Each line of the material below is to be written out exactly. Leave out any picture.

§ **Supplied information**
BEGIN
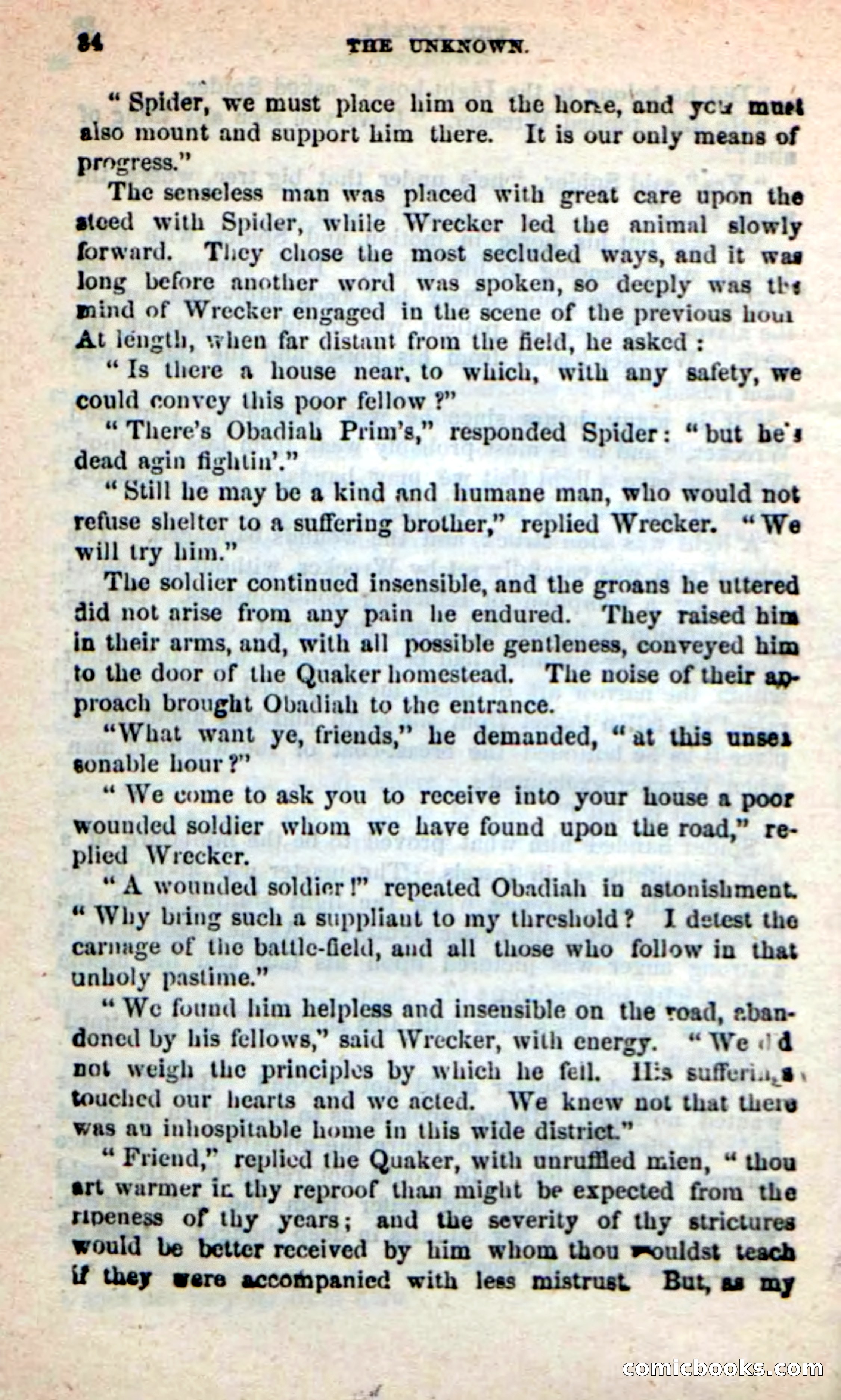 Beadle's New Dime Novels: The Unknown — page 34 of 121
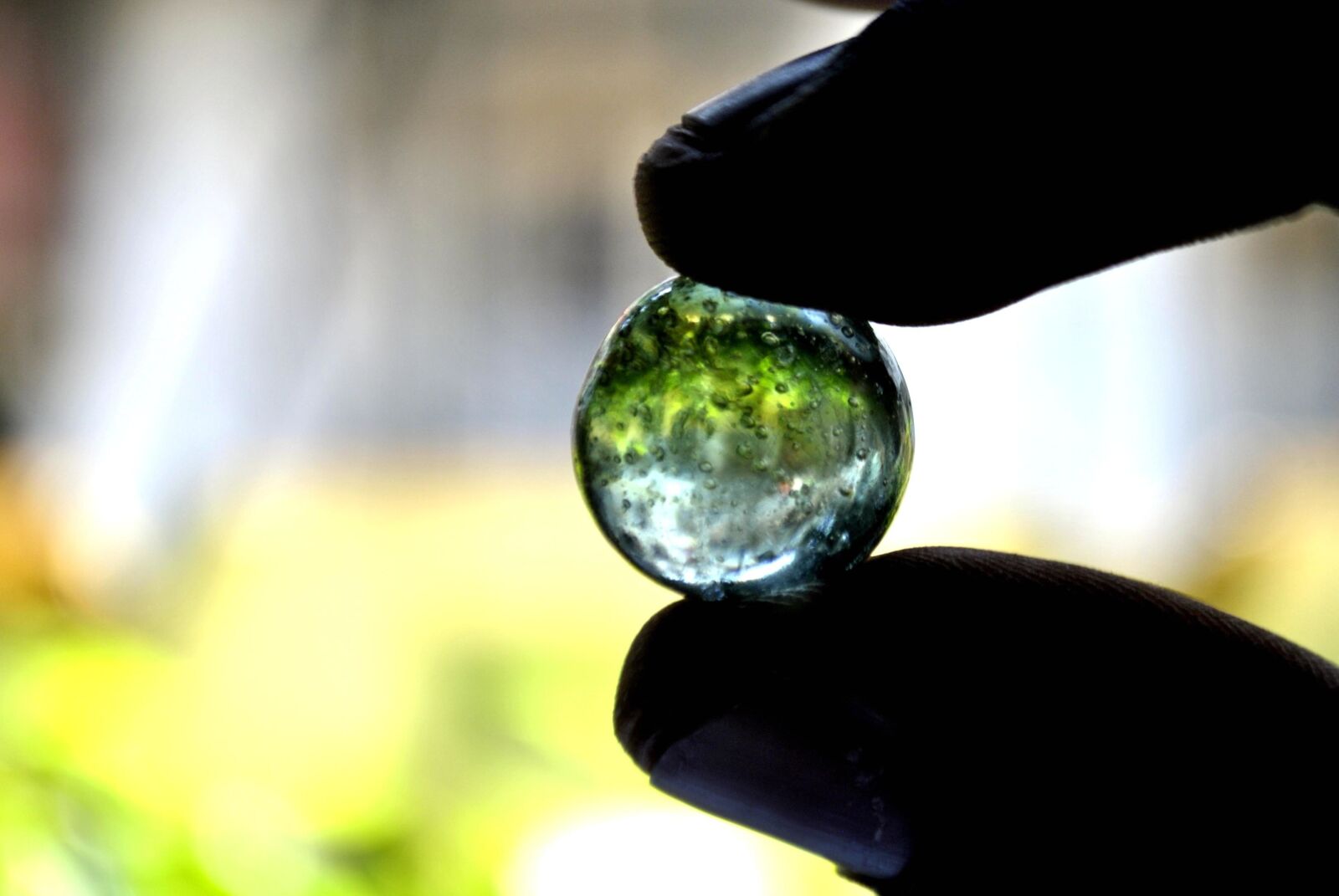 Nikon D3000 sample photo. Marble, glass, hand, finger photography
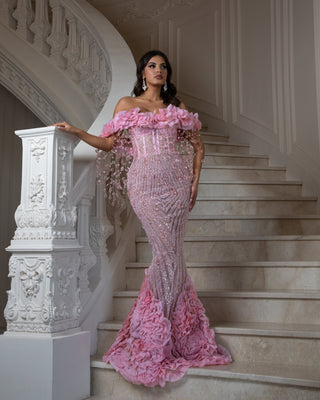CrystalsLayered TulleLight PinkWomen - Blini Fashion House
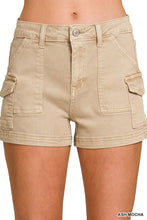Load image into Gallery viewer, `0223 Utility Pocket Denim Shorts (Stretch) SI-29226: DEEP CAMEL-193081 / M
END
§ **Output for this exercise**
 Beadle's New Dime Novels: The Unknown — page 34 of 121
 Nikon D3000 sample photo. Marble, glass, hand, finger photography
CrystalsLayered TulleLight PinkWomen - Blini Fashion House
Load image into Gallery viewer, `0223 Utility Pocket Denim Shorts (Stretch) SI-29226: DEEP CAMEL-193081 / M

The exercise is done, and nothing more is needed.